Avec le recul, on peut dire qu’il a bien travaillé, ce qui lui a valu une belle récompense. Maintenant, c’est lui le big boss des rapaces. Il est devenu « directeur général de l’Organisation mondiale du Commerce ».
La crise économique et sociale actuelle est un bon révélateur de la nature carnassière et charognarde de l’UE. Au lieu de tendre la main aux pays membres ravagés par la crise, elle dévore leurs restes sans le moindre état d’âme. Mais pour pouvoir se repaître de la chair de ses peuples bien tranquillement, l’Union européenne a pris soin de leur couper la langue. Elle a bouffé la démocratie.
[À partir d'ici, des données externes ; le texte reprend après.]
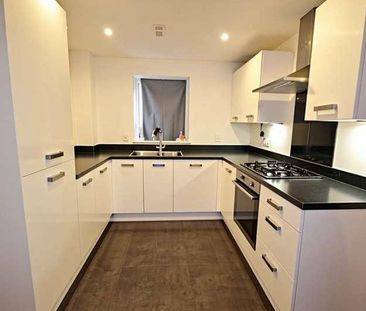 Falcon Crescent, Norwich, NR8 - Photo 6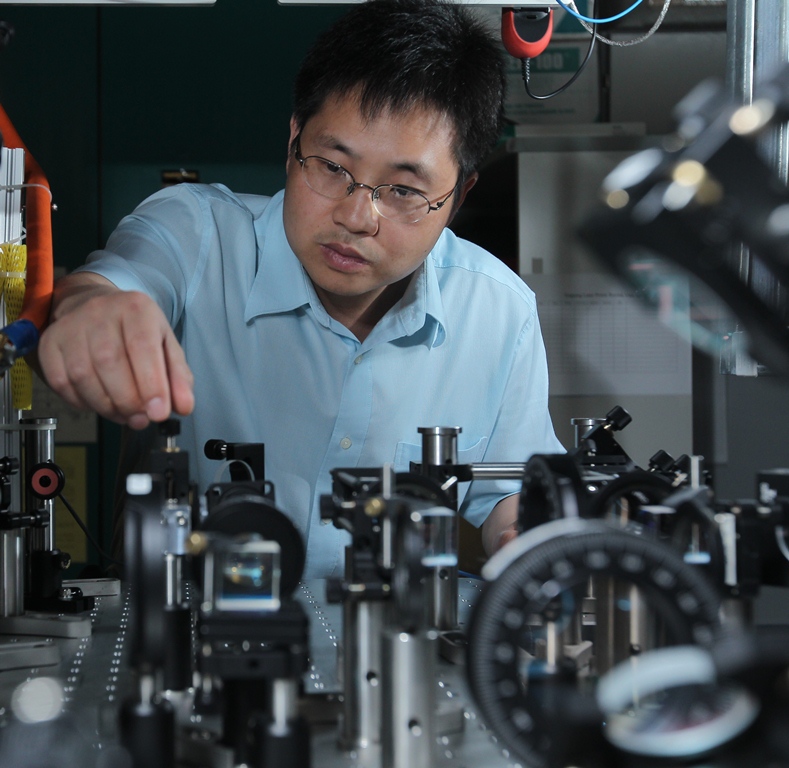 Prof. Shengwang Du, Assistant Professor in HKUST's Department of Physics, and his research team have published their study in Physical Review Letters recently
L’année où le libéralisme a voulu couler un bronze

Dans l’agenda de l’Union européenne, la décennie 2000 devait être celle de l’avènement de l’Europe politique. Pour nos esprits bercés par les envolées lyriques de Victor Hugo sur « Les Etats-Unis d’ Europe », il ne pouvait s’agir que de l’émergence d’une réelle démocratie européenne, un espace où quelque soit sa nationalité, chaque citoyen compterait vraiment pour un et pèserait réellement sur l’avenir de l’Union. Les membres de la Commission européenne et les gouvernements des états membres ne partageaient pas ce point de vue. Pour eux, l’édifice politique devait enfin verrouiller le cadre économique ultralibéral mis en place au fil de l’adoption des différents traités européens. Il s’agissait de rendre irréversible le mouvement des privatisations, de geler la limitation des déficits publics à 3% du PIB, de rendre indiscutable l’indépendance de la Banque centrale européenne. En somme, une conception politique plus proche du système autoritaire chinois que du cosmopolitisme kantien. Pour asseoir leur puissance, les capitalistes européens ne respectaient même plus les canons de la démocratie représentative. Elle était devenue trop contraignante à leurs yeux.
C’est de ce quiproquo entre les peuples européens et leurs élites que sont nées les grandes batailles qui ont fait vaciller l’édifice européen ces dernières années. Les choses explosèrent en 2005, lorsque l’Union européenne tenta d’imposer un Traité Constitutionnel. Tout dans ce texte respirait le mépris de la démocratie.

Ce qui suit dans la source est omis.